Хорлер сел возле стола лицом к улице, по которой подъезжали машины «скорой помощи». В ночное время травматологическое отделение городской больницы – совсем не место для такого человека, как коммандер, подумал Хорлер, чье лицо, как всегда, оставалось суровым и угрюмым, и тут в дверь, распевая, вошел тощий пьяный старик. Сестра провела через приемную наркомана, сердито ему выговаривая, и выставила его за дверь. Наркоман тут же вернулся и попытался ухватить сестру за волосы. Из коридора выбежали два охранника. Потом двое полицейских вошли с тремя окровавленными арестованными в наручниках и усадили их рядом с Хорлером. Сгорбленный старик подошел к столу и заявил, что у него было сорок долларов, когда он был тут час назад. Его увел охранник.
Потом встревоженный молодой врач выглянул из коридора, ведущего к кабинкам, неуверенно позвал: «Мистер Хорлер!» – и поглядел по сторонам.
– Здесь, сэр.
– Можете пройти к нему.
– Он в сознании?
– Думаю, что да.
– Он про меня спрашивал?
– Да… Но только на несколько минут, вы понимаете? – И он повел Хорлера по коридору.
– Доктор! – шепнул Хорлер, когда врач взялся за занавеску, окружавшую кабинку. – Положение опасное? Что с ним?
– Тяжелое внутреннее кровоизлияние, – шепнул врач. – Ему разбило грудь. Он может истечь кровью. Мы, конечно, сделаем все, что сможем. – И он отдернул занавеску.
Голова Айры Гроума была вся забинтована, и для глаз оставались лишь узкие щелки, но он узнал Хорлера, моргнул ему и попытался что-то прошептать.
– Коммандер, я здесь, – сказал Хорлер.
Айра Гроум не мог пошевелить челюстью. Наконец он выговорил:
– Ну вот, Хорлер.
Его рука шевельнулась, и он взял Хорлера за руку. Он не мог видеть ни тяжкого отчаянного гнева в глазах Хорлера, ни слез, которые вдруг потекли по щекам Хорлера, однако он знал, что Хорлер здесь, и хотел, чтобы Хорлер понял, насколько ему легче от его присутствия. Его собственные мысли были теперь ясны.
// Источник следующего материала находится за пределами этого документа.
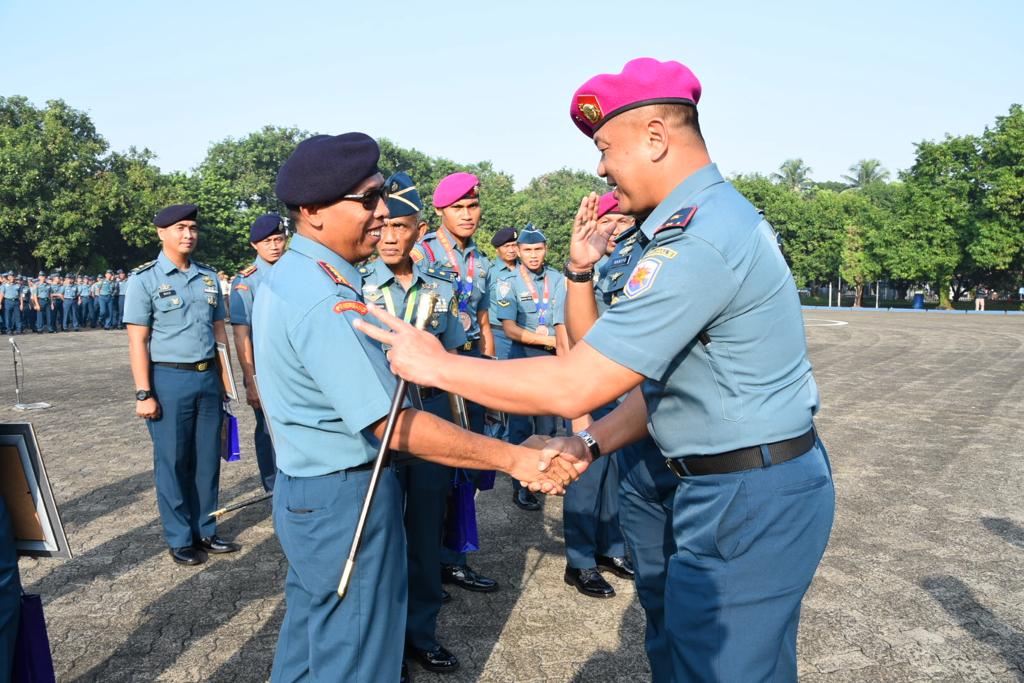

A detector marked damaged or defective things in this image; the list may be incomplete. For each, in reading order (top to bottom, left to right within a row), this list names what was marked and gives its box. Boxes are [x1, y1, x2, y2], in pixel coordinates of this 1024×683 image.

cracked pavement [8, 311, 1024, 683]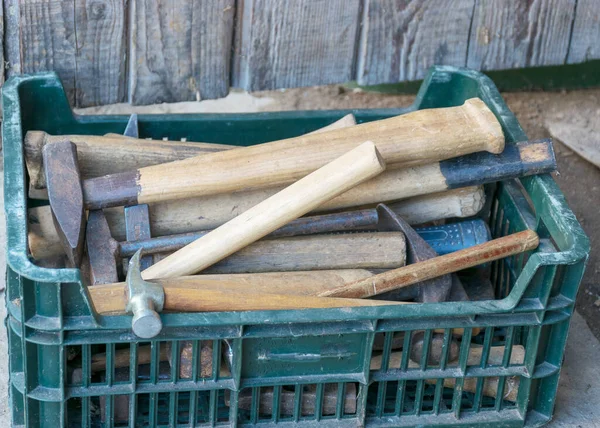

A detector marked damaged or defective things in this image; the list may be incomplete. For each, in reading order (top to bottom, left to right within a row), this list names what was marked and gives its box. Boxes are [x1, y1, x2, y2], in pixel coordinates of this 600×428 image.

rusty hammer head [42, 142, 85, 266]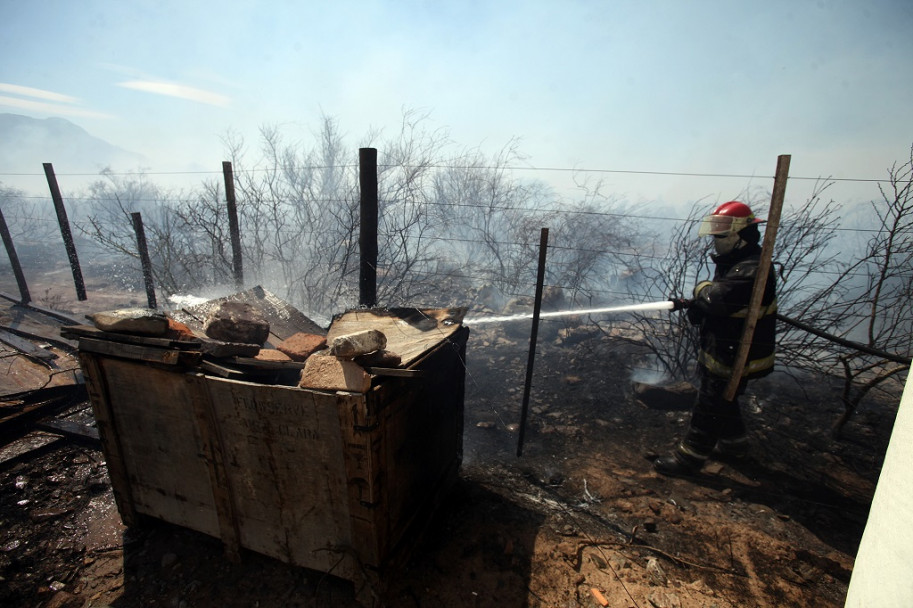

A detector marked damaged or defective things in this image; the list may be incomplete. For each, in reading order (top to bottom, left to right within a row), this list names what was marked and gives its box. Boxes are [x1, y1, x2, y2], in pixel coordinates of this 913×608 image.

fire damage [0, 286, 896, 608]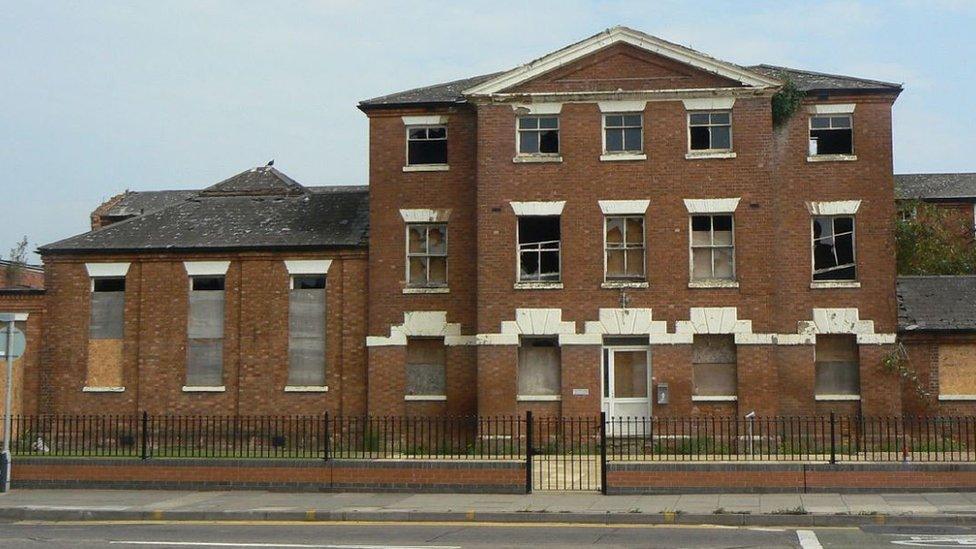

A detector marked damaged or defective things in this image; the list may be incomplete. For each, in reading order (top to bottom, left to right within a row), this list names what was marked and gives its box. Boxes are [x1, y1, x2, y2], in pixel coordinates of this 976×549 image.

broken window [406, 126, 448, 165]
broken window [516, 115, 560, 154]
broken window [604, 113, 640, 152]
broken window [692, 111, 728, 151]
broken window [808, 114, 856, 155]
broken window [406, 223, 448, 286]
broken window [516, 215, 560, 282]
broken window [608, 215, 644, 280]
broken window [692, 214, 736, 280]
broken window [812, 216, 856, 280]
broken window [86, 274, 126, 386]
broken window [186, 274, 226, 386]
broken window [288, 274, 326, 386]
broken window [404, 336, 446, 396]
broken window [516, 338, 560, 394]
broken window [692, 332, 736, 396]
broken window [812, 334, 856, 394]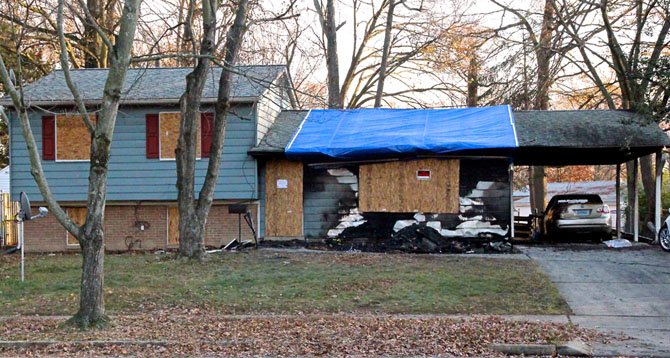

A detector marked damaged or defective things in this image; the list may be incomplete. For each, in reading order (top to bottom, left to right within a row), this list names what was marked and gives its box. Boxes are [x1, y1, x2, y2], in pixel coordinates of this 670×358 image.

charred wood siding [304, 167, 360, 239]
fire-damaged house [5, 68, 670, 252]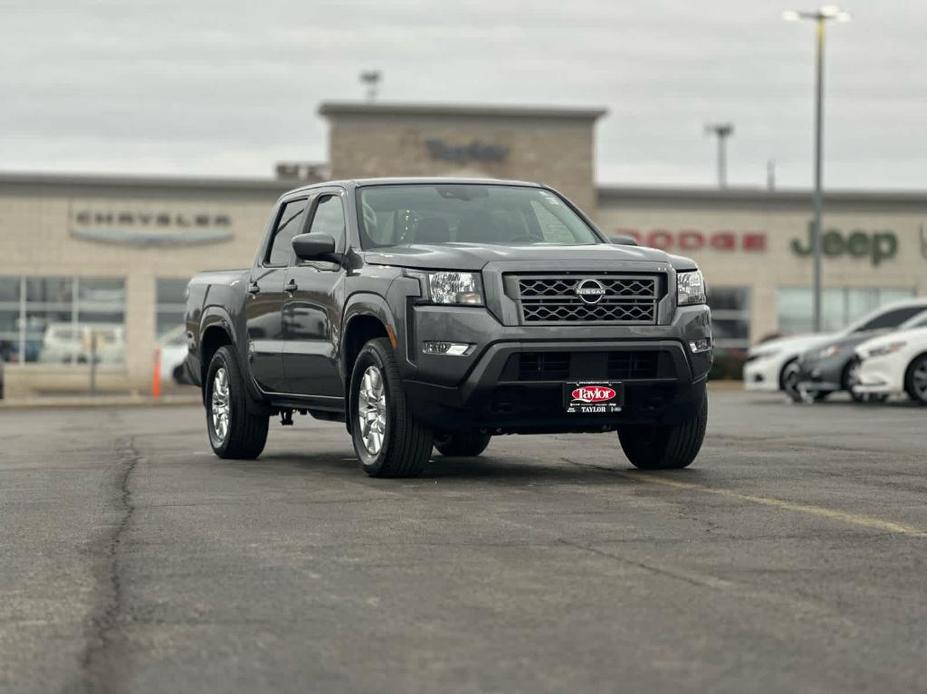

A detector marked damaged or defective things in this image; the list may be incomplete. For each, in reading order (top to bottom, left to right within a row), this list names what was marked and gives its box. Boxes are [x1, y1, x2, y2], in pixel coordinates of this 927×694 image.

pavement crack [73, 438, 141, 692]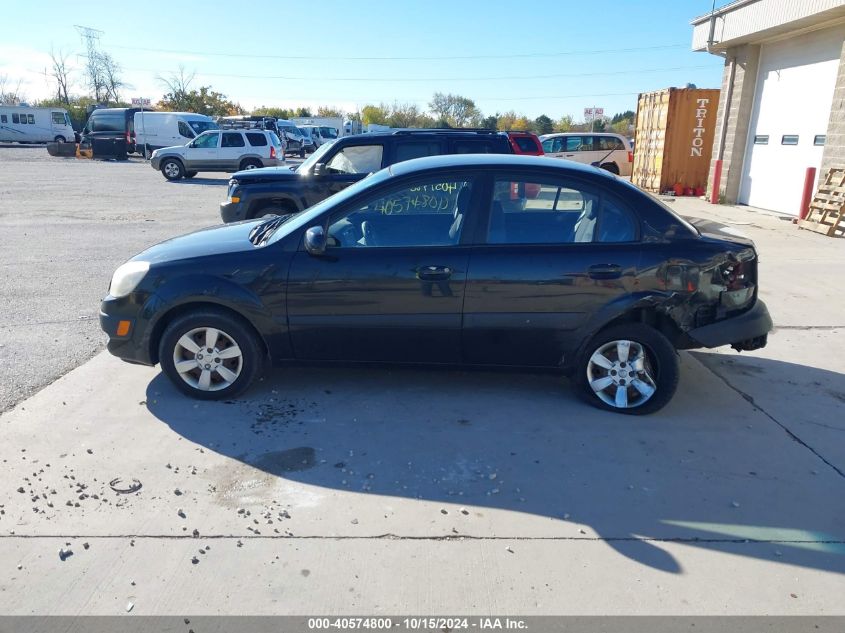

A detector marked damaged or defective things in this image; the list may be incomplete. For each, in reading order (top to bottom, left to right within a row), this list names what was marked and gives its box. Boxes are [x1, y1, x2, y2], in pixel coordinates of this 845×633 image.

damaged rear bumper [684, 300, 772, 350]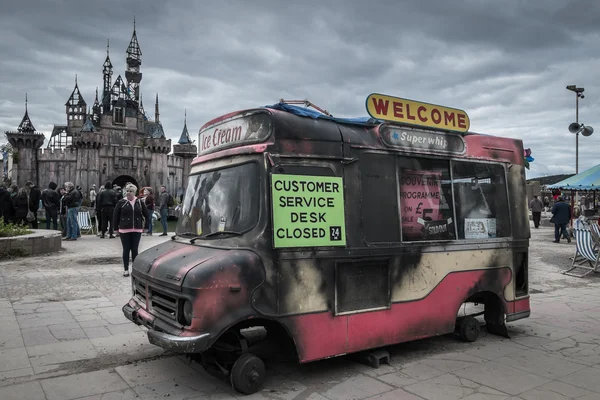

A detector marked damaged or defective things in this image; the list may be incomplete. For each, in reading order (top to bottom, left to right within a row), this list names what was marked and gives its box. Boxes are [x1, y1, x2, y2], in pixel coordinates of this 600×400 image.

burnt tire [460, 316, 482, 340]
burnt tire [231, 354, 266, 394]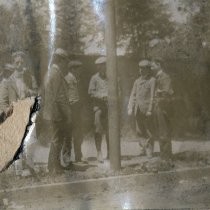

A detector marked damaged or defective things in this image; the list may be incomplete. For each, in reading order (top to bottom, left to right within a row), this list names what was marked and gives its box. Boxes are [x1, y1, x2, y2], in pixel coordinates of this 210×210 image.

damaged emulsion [0, 96, 40, 173]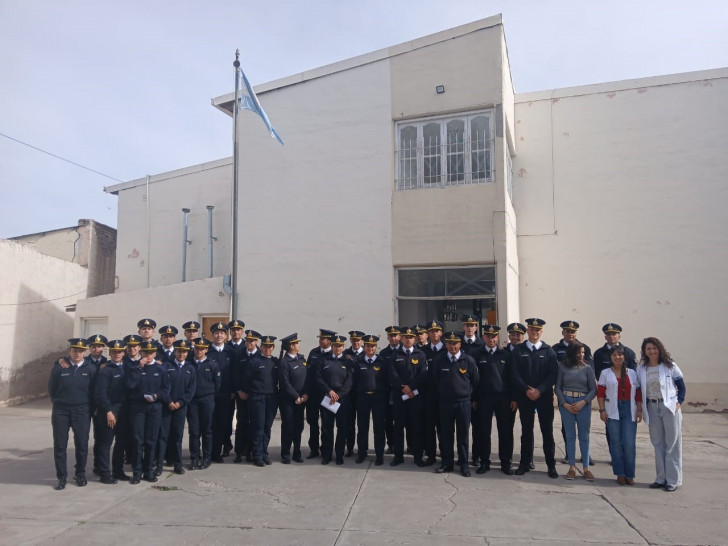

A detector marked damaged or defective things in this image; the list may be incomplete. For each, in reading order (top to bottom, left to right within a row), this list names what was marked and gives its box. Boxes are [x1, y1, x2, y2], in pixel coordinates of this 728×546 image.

cracked concrete ground [1, 396, 728, 544]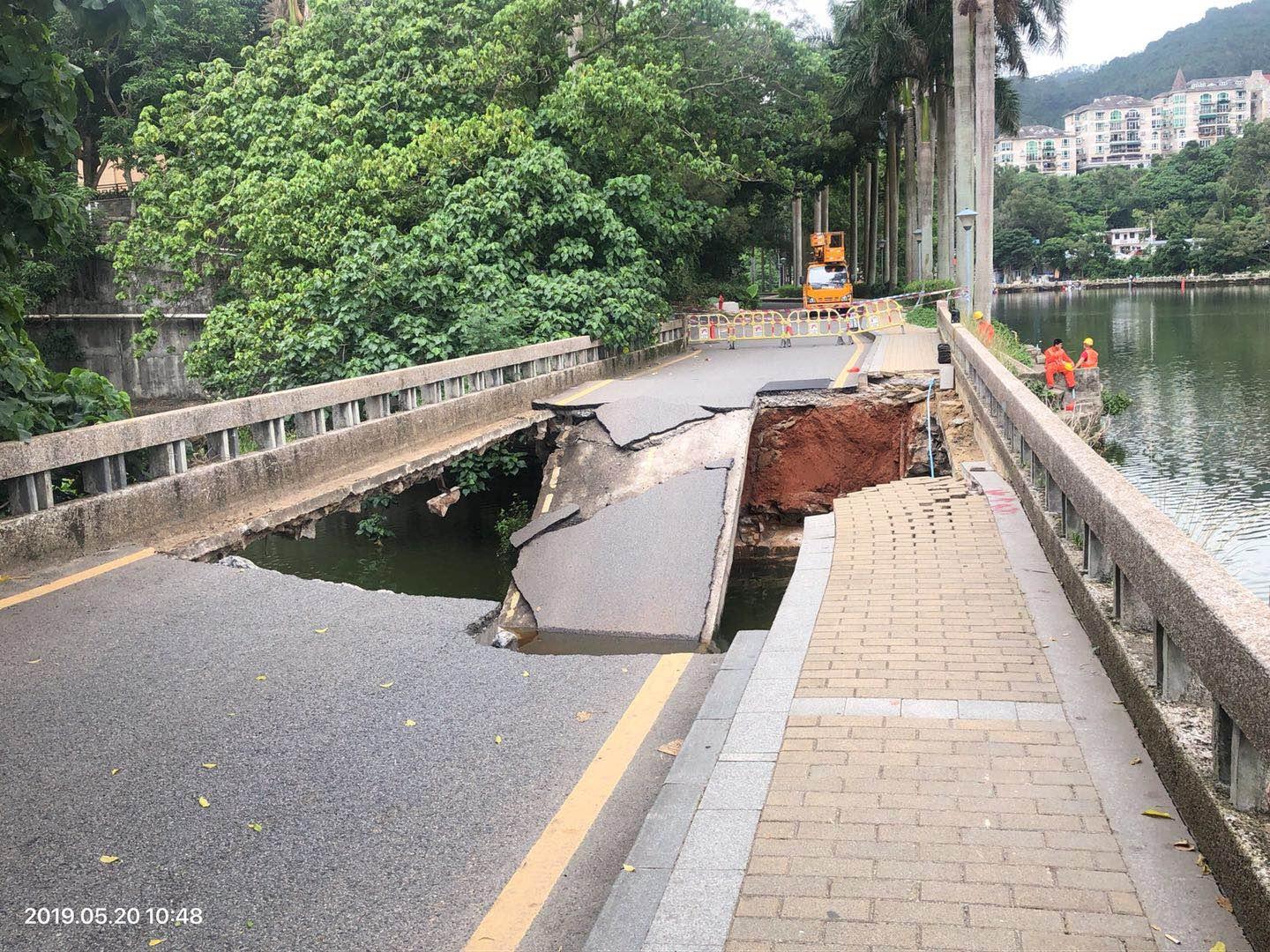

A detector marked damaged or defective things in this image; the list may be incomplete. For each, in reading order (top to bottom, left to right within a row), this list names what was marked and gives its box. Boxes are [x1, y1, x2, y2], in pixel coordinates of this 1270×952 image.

cracked asphalt slab [0, 555, 716, 949]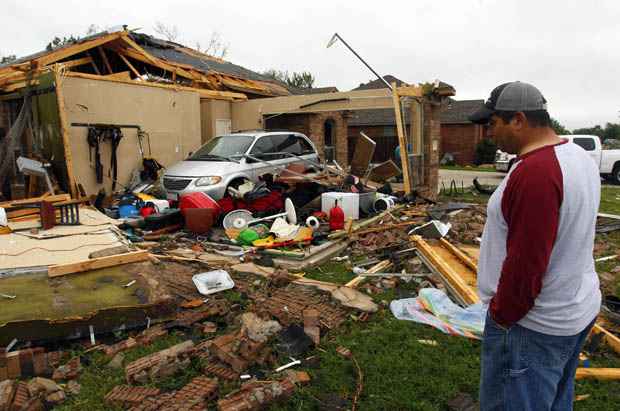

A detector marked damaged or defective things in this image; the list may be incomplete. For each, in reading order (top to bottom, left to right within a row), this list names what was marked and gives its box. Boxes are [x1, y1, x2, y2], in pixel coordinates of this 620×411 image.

broken lumber [48, 251, 149, 276]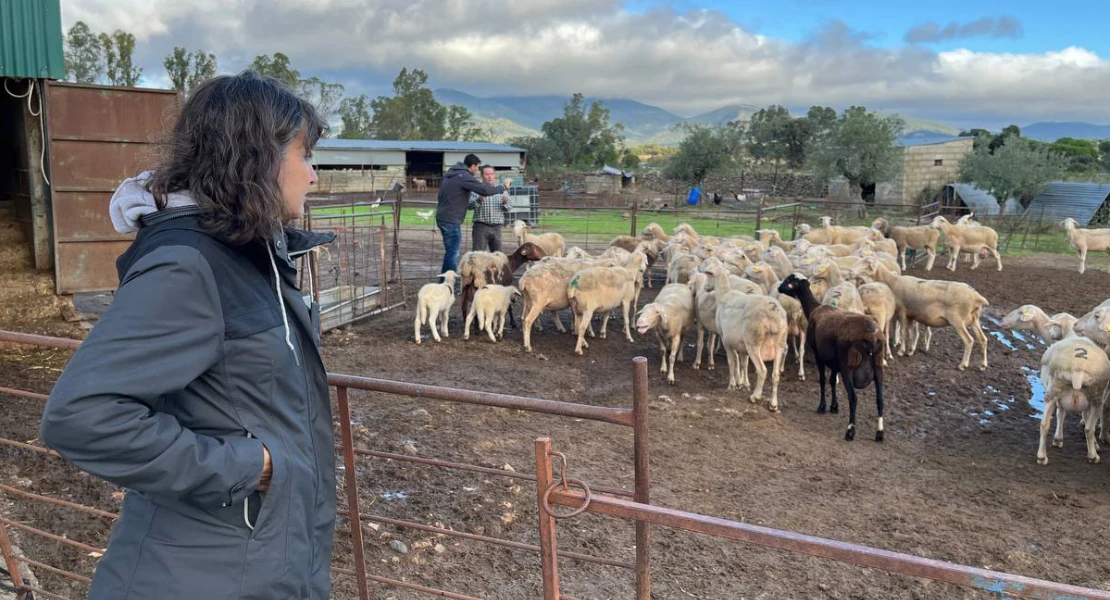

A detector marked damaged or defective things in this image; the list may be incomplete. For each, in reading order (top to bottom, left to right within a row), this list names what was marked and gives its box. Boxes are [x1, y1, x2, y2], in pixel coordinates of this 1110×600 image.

rusty metal wall panel [54, 240, 131, 292]
rusty metal wall panel [46, 81, 180, 292]
rusty metal fence [0, 328, 648, 598]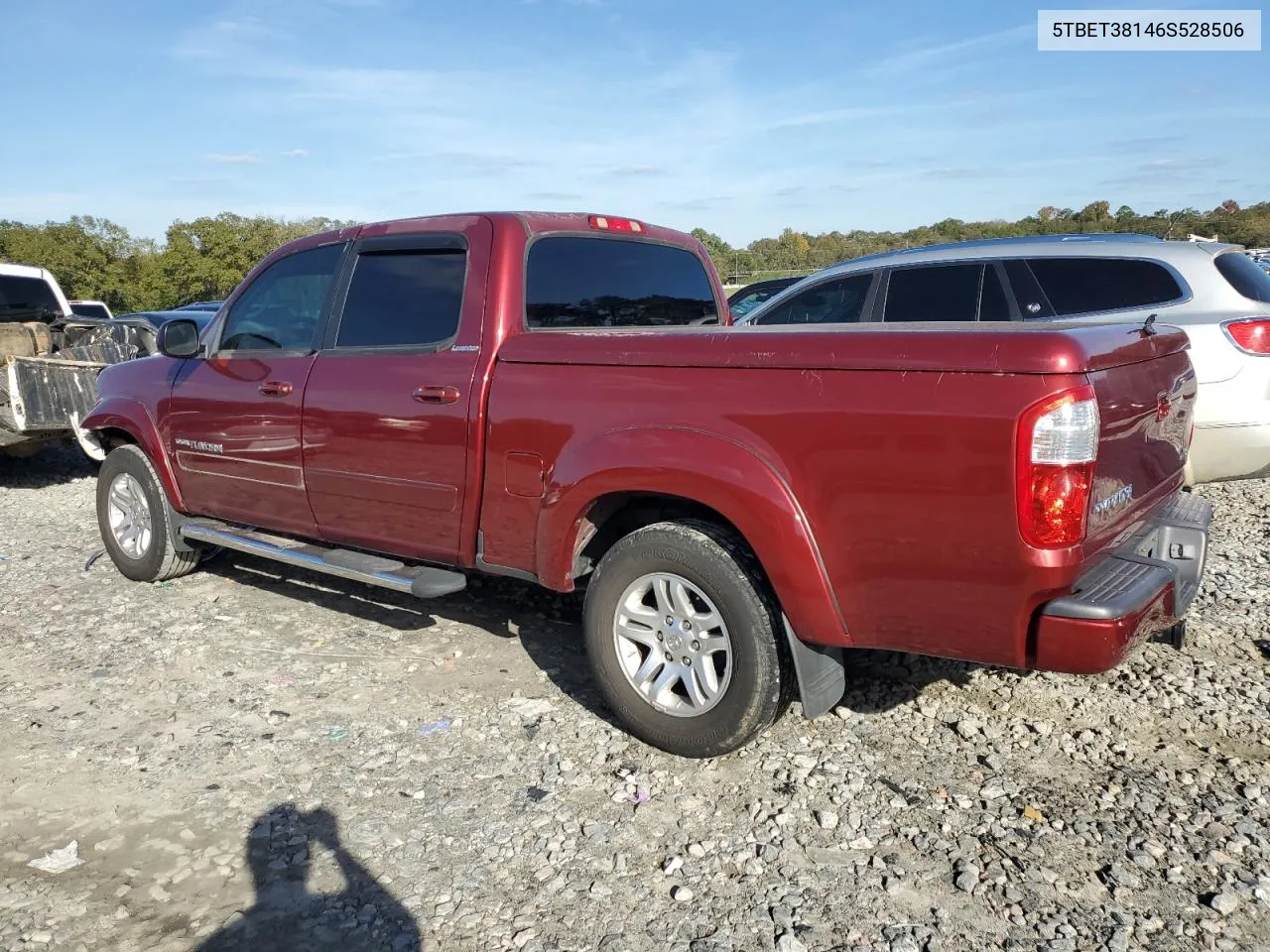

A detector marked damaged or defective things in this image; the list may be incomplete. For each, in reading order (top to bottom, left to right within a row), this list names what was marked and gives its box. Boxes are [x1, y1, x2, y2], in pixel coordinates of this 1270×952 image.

damaged truck [0, 262, 177, 460]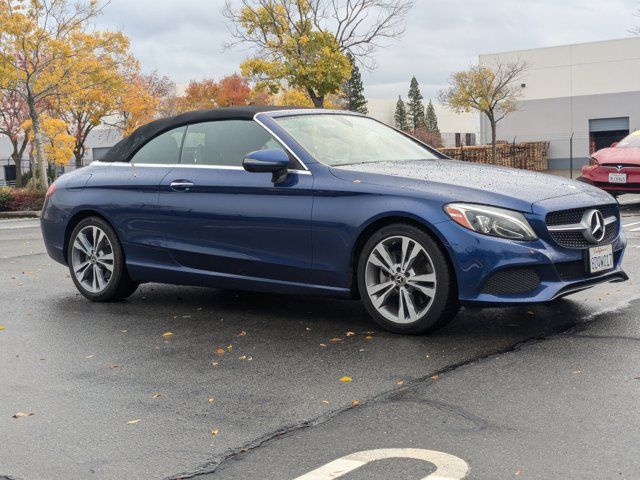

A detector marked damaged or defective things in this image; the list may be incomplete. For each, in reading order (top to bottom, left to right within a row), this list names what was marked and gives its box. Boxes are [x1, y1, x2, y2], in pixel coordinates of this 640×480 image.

Образы кружились в его голове.
– Поразительно, Хорлер, я все теперь помню, все, – прошептал он. – Все до мельчайших подробностей.
– Не волнуйтесь, коммандер, – хрипло сказал Хорлер и откашлялся. Наступило долгое молчание. Айра Гроум, весь во власти чар, сжимая руку старого моряка, почувствовал, что стремительно уносится вдаль. Навстречу ему вздымалось море, и никогда еще его восприятие не было таким четким и живым.
– Снова к солнцу, – прошептал он. – К самому солнцу.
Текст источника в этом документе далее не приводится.